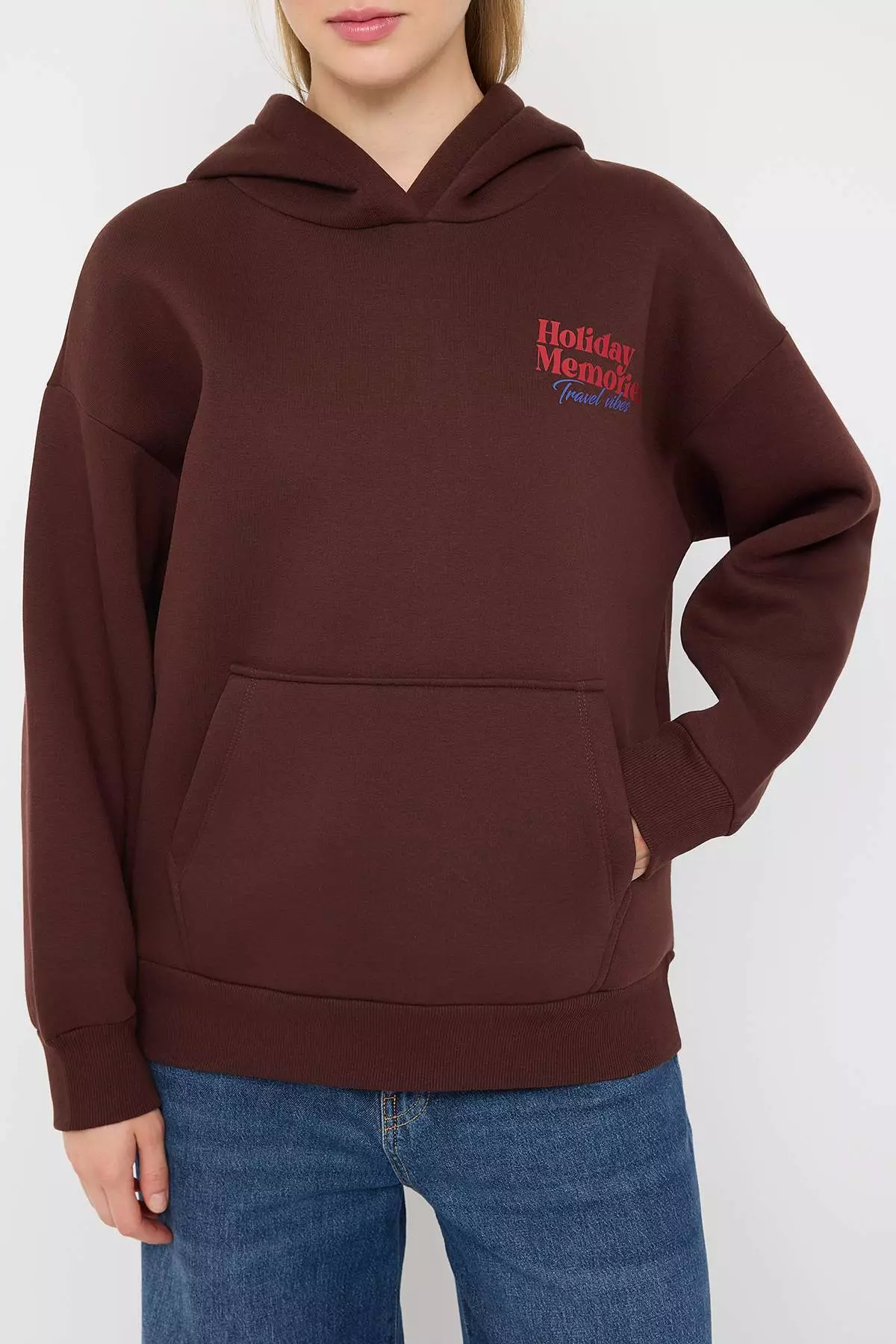 Teen Brown Back Printed Oversize Pattern Hooded Polar Fleece Knitted Sweatshirt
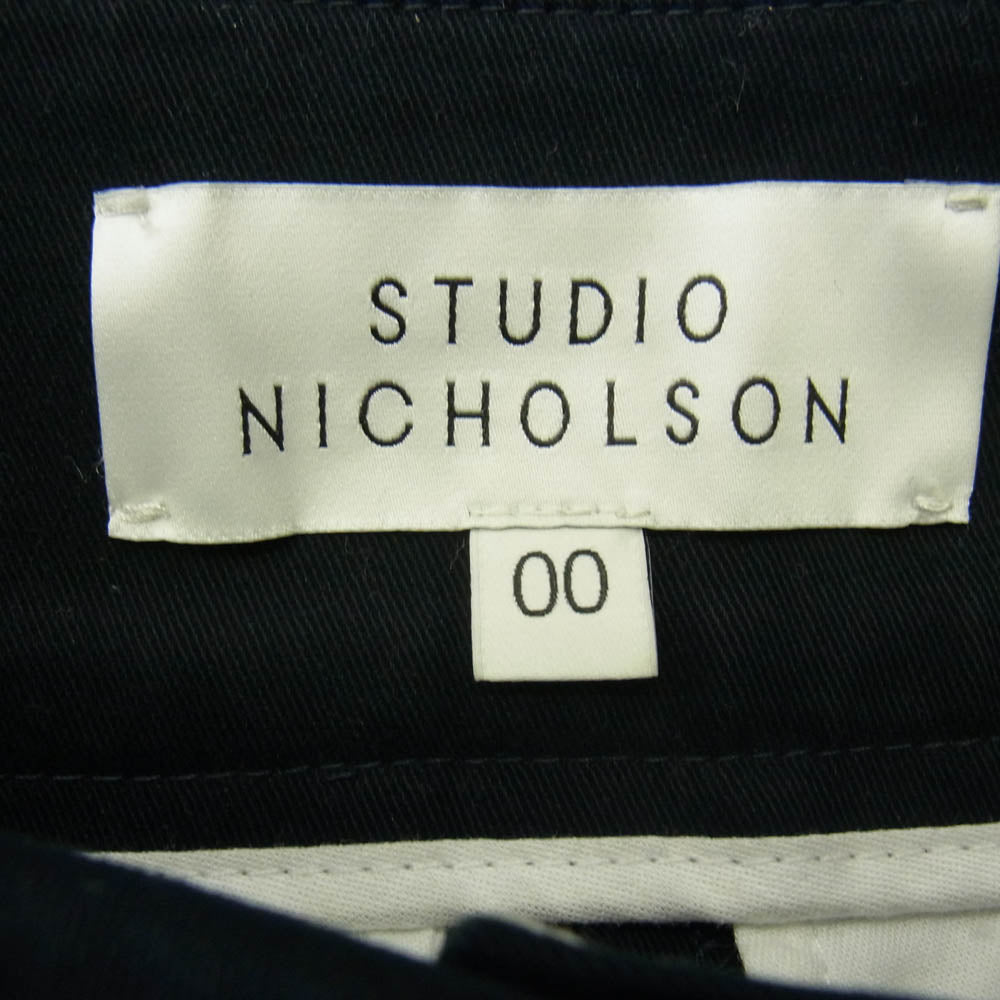 スタジオニコルソン 1タック ベルテッド モールスキン クロップド パンツ ダークネイビー系 00【中古】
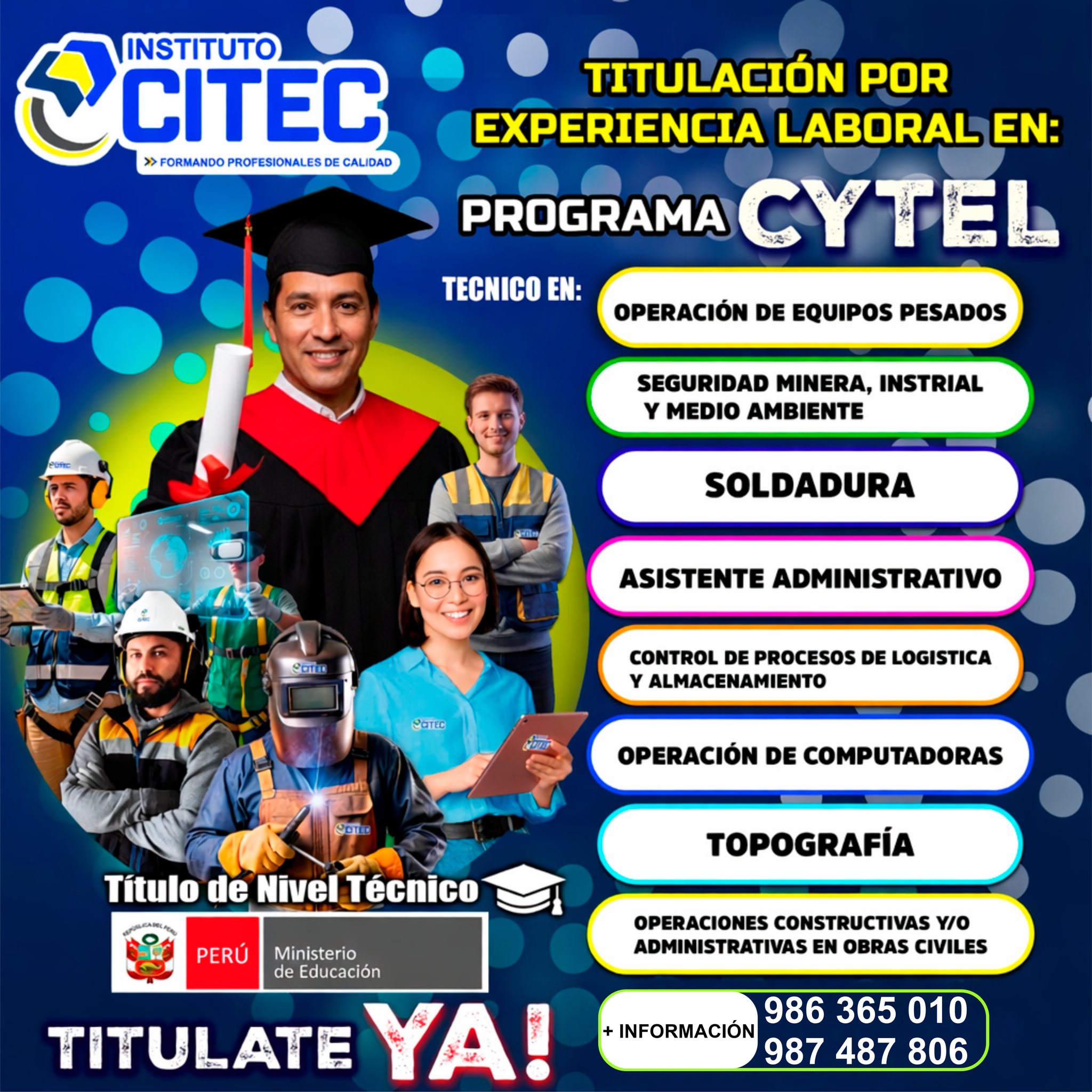 CITEC ILO Facebook ad: ¡CONVIERTE TU EXPERIENCIA EN UN TÍTULO TÉCNICO!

### Task directions
A faithful copy is needed: reproduce all of the data above, leaving the pictures out.

### Response to the exercise
 Teen Brown Back Printed Oversize Pattern Hooded Polar Fleece Knitted Sweatshirt
 スタジオニコルソン 1タック ベルテッド モールスキン クロップド パンツ ダークネイビー系 00【中古】
 CITEC ILO Facebook ad: ¡CONVIERTE TU EXPERIENCIA EN UN TÍTULO TÉCNICO!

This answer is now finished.